> Brief:
Copy the following data exactly and drop the pictures.

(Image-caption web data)
++++++

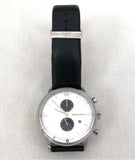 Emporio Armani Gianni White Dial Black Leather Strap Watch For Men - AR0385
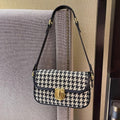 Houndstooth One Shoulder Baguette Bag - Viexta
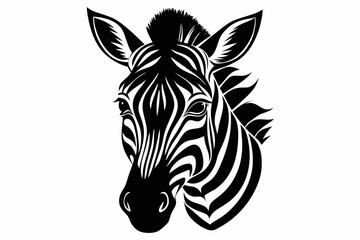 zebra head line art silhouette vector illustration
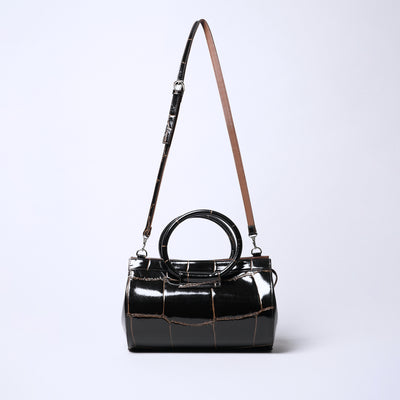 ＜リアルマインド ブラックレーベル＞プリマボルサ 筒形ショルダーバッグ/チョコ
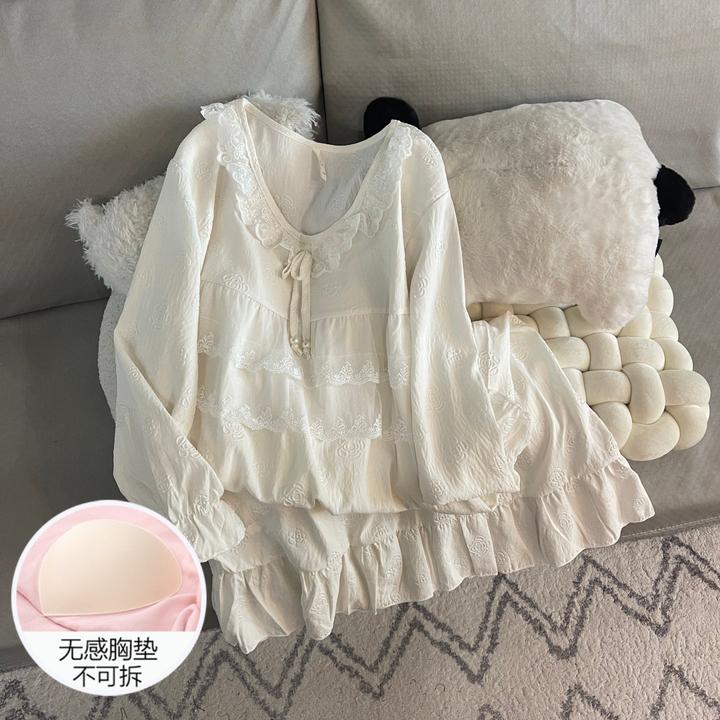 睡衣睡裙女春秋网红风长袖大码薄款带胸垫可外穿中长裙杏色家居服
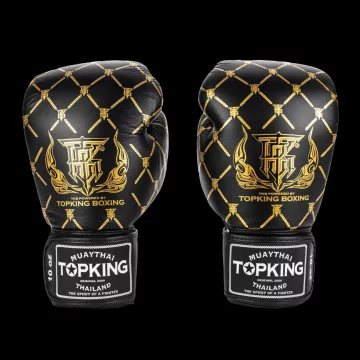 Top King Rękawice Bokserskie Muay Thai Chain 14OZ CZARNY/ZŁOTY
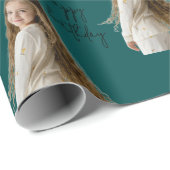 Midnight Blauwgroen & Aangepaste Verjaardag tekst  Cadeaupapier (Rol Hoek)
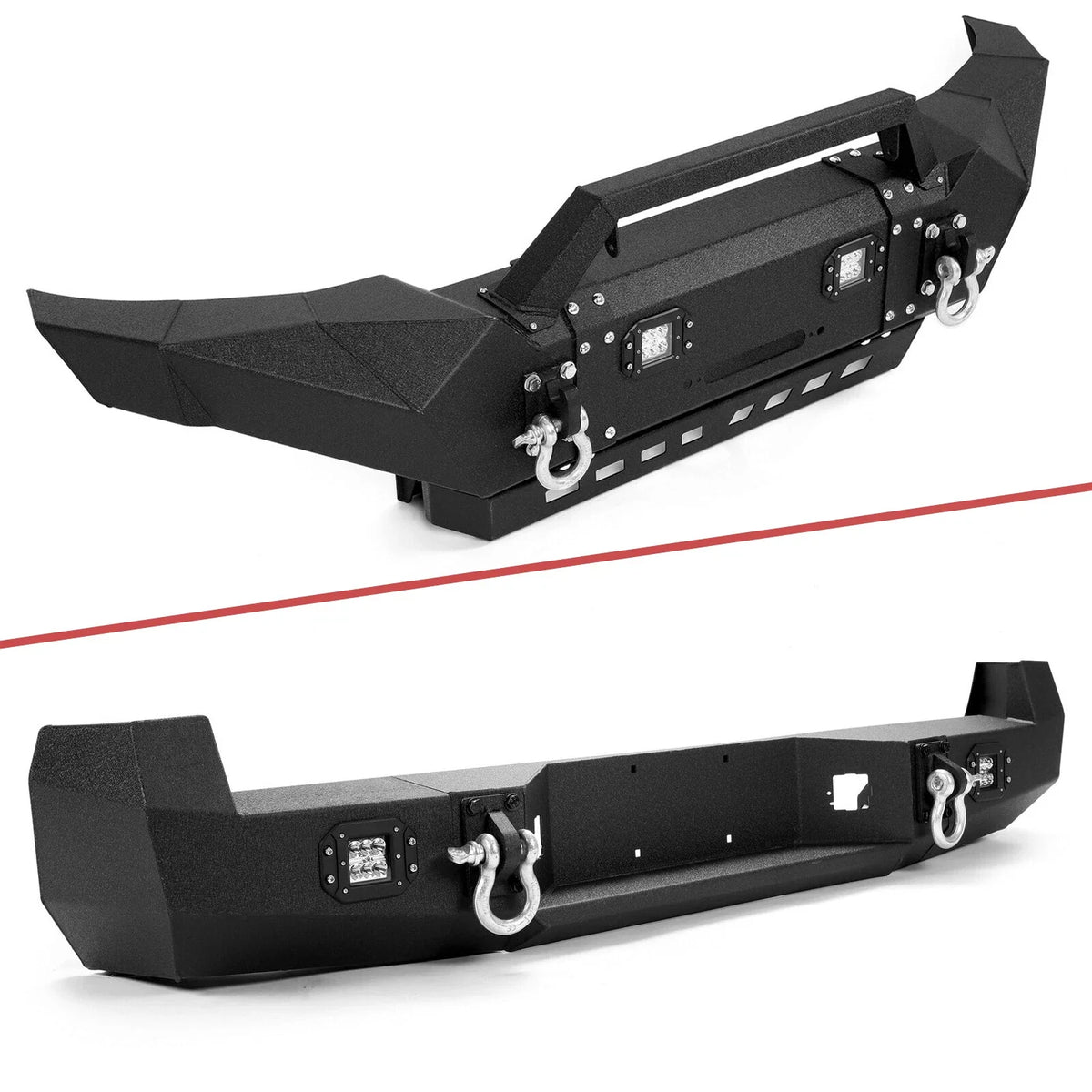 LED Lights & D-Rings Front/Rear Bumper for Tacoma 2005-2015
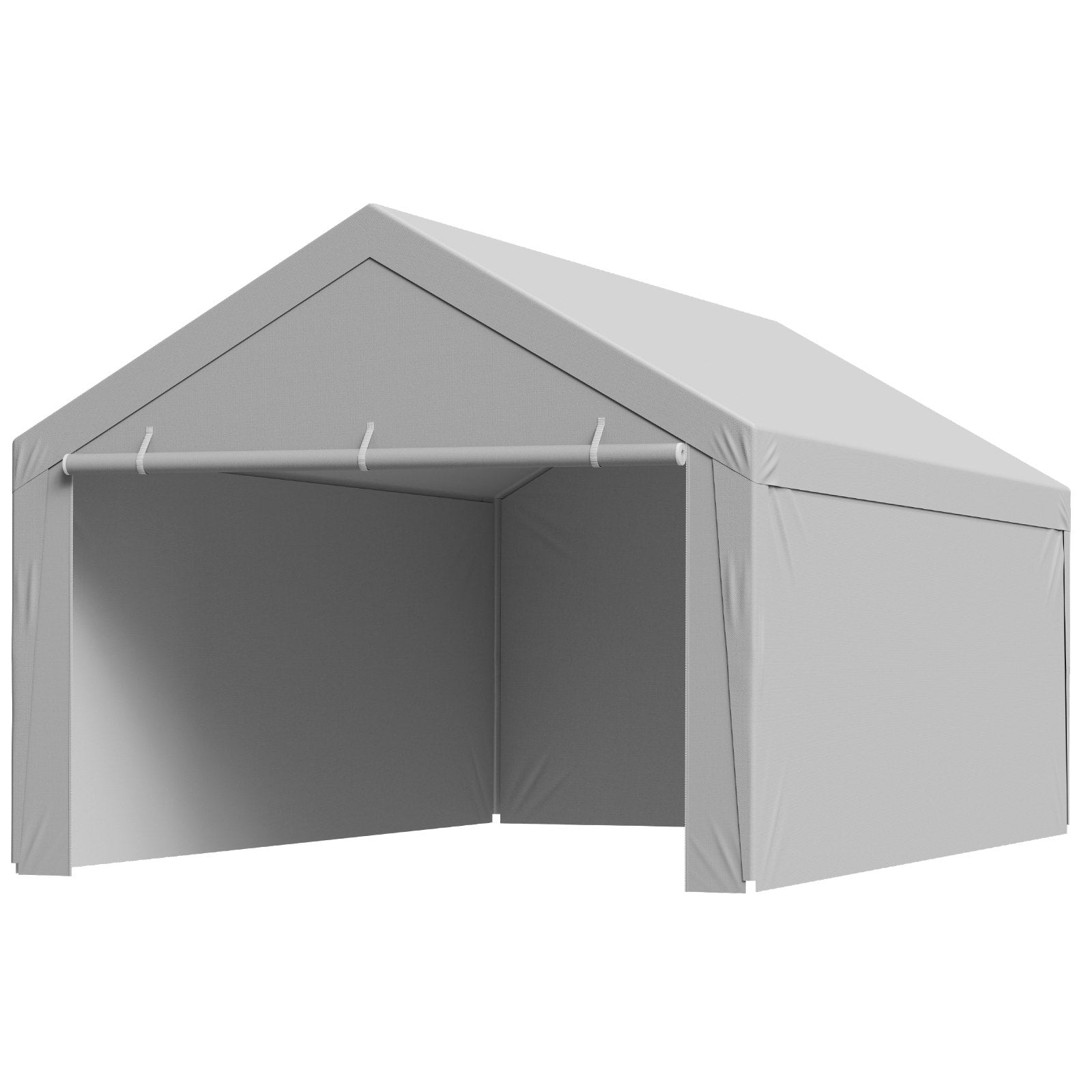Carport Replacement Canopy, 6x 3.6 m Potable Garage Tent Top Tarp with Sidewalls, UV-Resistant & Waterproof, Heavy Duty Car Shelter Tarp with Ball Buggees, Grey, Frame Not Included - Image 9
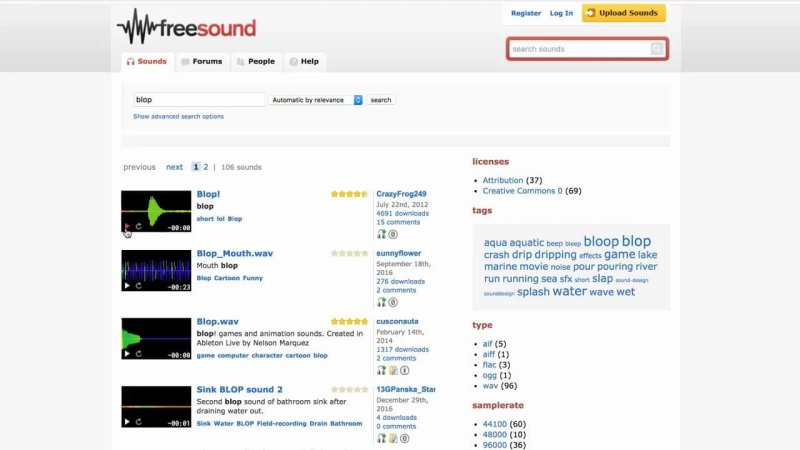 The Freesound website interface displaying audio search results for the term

++++++

> Written solution:
 Emporio Armani Gianni White Dial Black Leather Strap Watch For Men - AR0385
 Houndstooth One Shoulder Baguette Bag - Viexta
 zebra head line art silhouette vector illustration
 ＜リアルマインド ブラックレーベル＞プリマボルサ 筒形ショルダーバッグ/チョコ
 睡衣睡裙女春秋网红风长袖大码薄款带胸垫可外穿中长裙杏色家居服
 Top King Rękawice Bokserskie Muay Thai Chain 14OZ CZARNY/ZŁOTY
 Midnight Blauwgroen & Aangepaste Verjaardag tekst  Cadeaupapier (Rol Hoek)
 LED Lights & D-Rings Front/Rear Bumper for Tacoma 2005-2015
Carport Replacement Canopy, 6x 3.6 m Potable Garage Tent Top Tarp with Sidewalls, UV-Resistant & Waterproof, Heavy Duty Car Shelter Tarp with Ball Buggees, Grey, Frame Not Included - Image 9
 The Freesound website interface displaying audio search results for the term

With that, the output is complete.